Restate word for word the lines below that run from the one holding "Multiplexer Sylvac D304" through the one holding "Venom Led Neon", inclusive. Pictures don't belong in the copy.

___ Input for this task ___

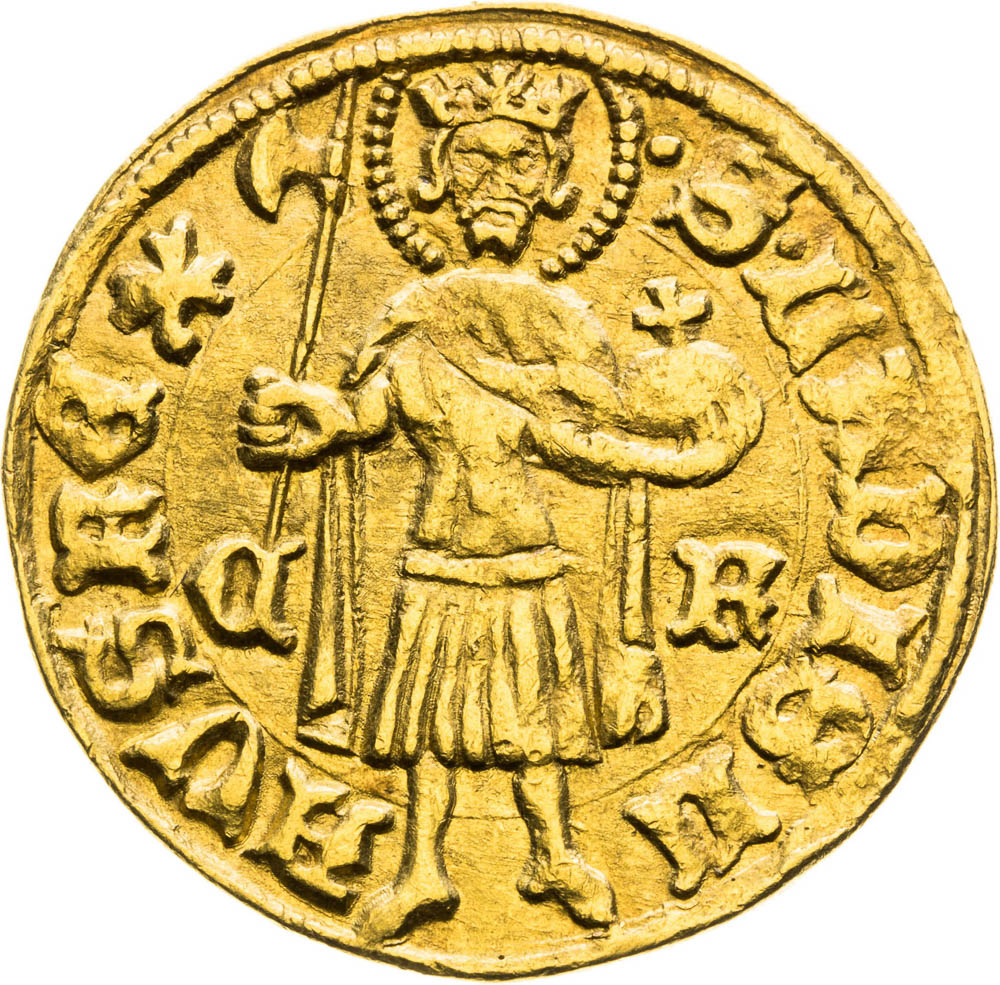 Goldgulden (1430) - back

___
___ Input for this task ___

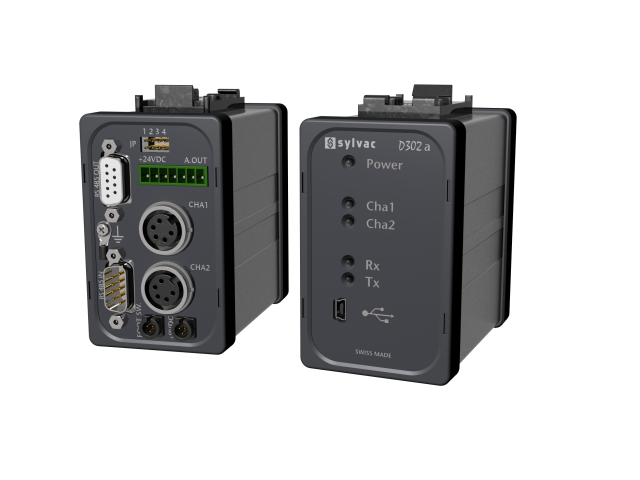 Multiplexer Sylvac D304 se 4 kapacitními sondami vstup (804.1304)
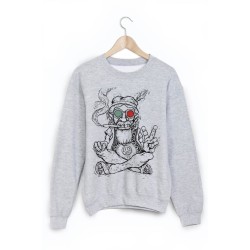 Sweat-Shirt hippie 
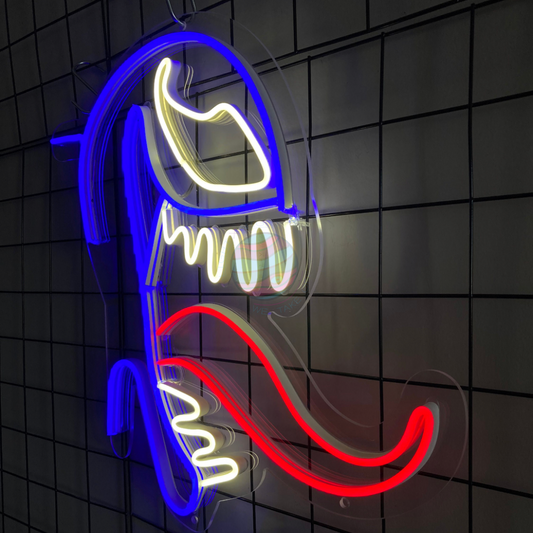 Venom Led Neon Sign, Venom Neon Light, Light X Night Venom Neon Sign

___
___ Input for this task ___

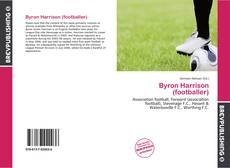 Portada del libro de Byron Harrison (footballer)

___

_Written answer:_
 Multiplexer Sylvac D304 se 4 kapacitními sondami vstup (804.1304)
 Sweat-Shirt hippie 
 Venom Led Neon Sign, Venom Neon Light, Light X Night Venom Neon Sign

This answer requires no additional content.